Monday, July 14, 2008

Why Dazzler Matters

The creation of myth is a hell of a thing.

I could be drunk as I write this, this could all have started as a lark between Phil, Matt, Rich and myself, and Dazzler might be the jetsam of a fallen-through cross-promotional movie/music/comic deal who was created entirely by committee, down to which celebrity she should most look like (and feel free to hazard a guess in the comments - no Wiki-cheating!), a fact which explains her schizophrenic publishing history and early barrage of guest appearances.

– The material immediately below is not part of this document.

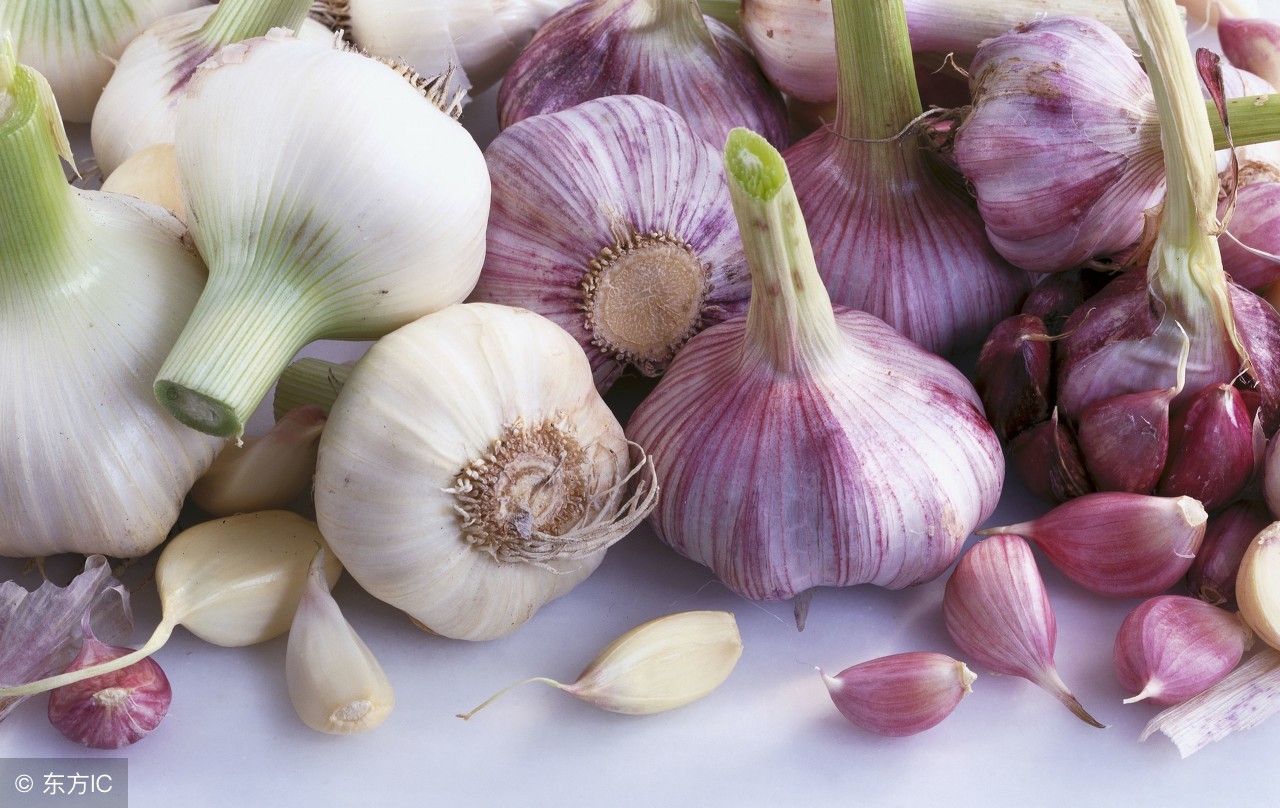 100个神奇趣味冷知识,8个超有趣的冷知识省钱又省力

All this could be true. But none of that matters.

Alison Blaire matters.

Before Dazzler appeared without origin or preamble in Uncanny X-Men #130, you had three options when it came to being a mutant. You could:
  1. Join the X-men
  2. Be a bad guy
  3. Kind of hang around and help out when needed, despite claiming you're not part of the team, which is what happened to Jaime Madrox, Havok and Polaris.

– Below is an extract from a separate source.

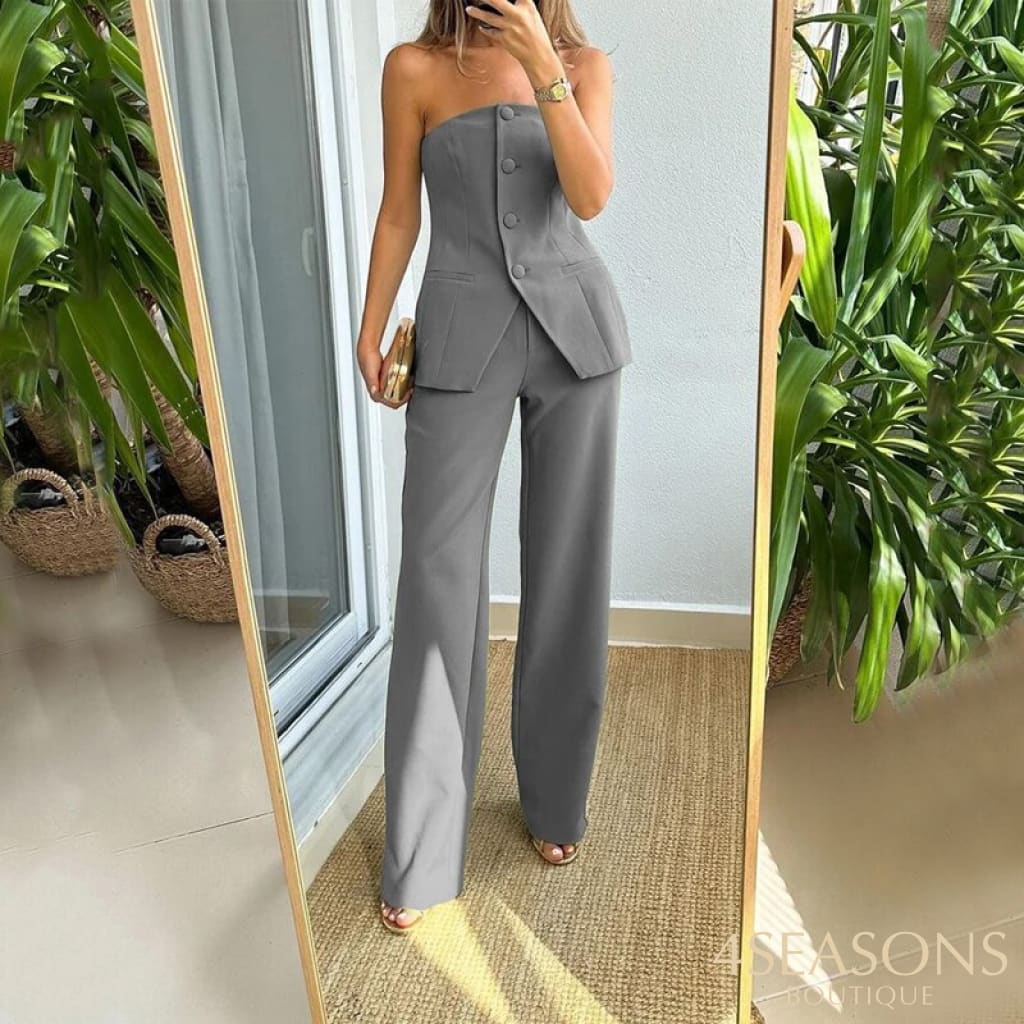 Conjunto Sarasota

What does Dazzler do? She saves Cyclops, Phoenix and Nightcrawler from the Hellfire Club and then tags along to Chicago to rescue the rest of the team. And then she quits, content to keep playing disco gigs in shady nightclubs.

Yes, that early departure is likely due to the massive Dazzler promotion engine losing its wheels. Yes, her eventual ongoing series would eventually draw her back into superheroics, but Dazzler is the first example of a mutant who simply decided to use her powers to have a career.

She wouldn't be the last, either. Even as Dazzler herself ends up back in the superhero game, the mutant books at Marvel were following her lead, albeit twenty years too late. Grant Morrison devised a mutant culture where most of the world's X-gened population didn't have to put on costumes and monologue incessantly. NYX, when it could be bothered to come out, lived in that culture and focused on characters and day-to-day life over the high-minded 'protecting the dream' rhetoric that even die-hard X-fans are probably a little sick of by now. And it's Dazzler that set the precedent.

So the next time you read an X-Men book and wonder what contribution Dazzler makes to the team, correct your thinking. It's not the X-Men that Dazzler's made a lasting impact on, but the world. From an editorial perspective, Alison Blaire has stumbled to the forefront of the mutant rights issue, and whether as an actress, a disco diva or a member of Lila Cheney's backing band, she's proudly proven time and time again that mutants don't need to rely on Charles Xavier in order to give back to society.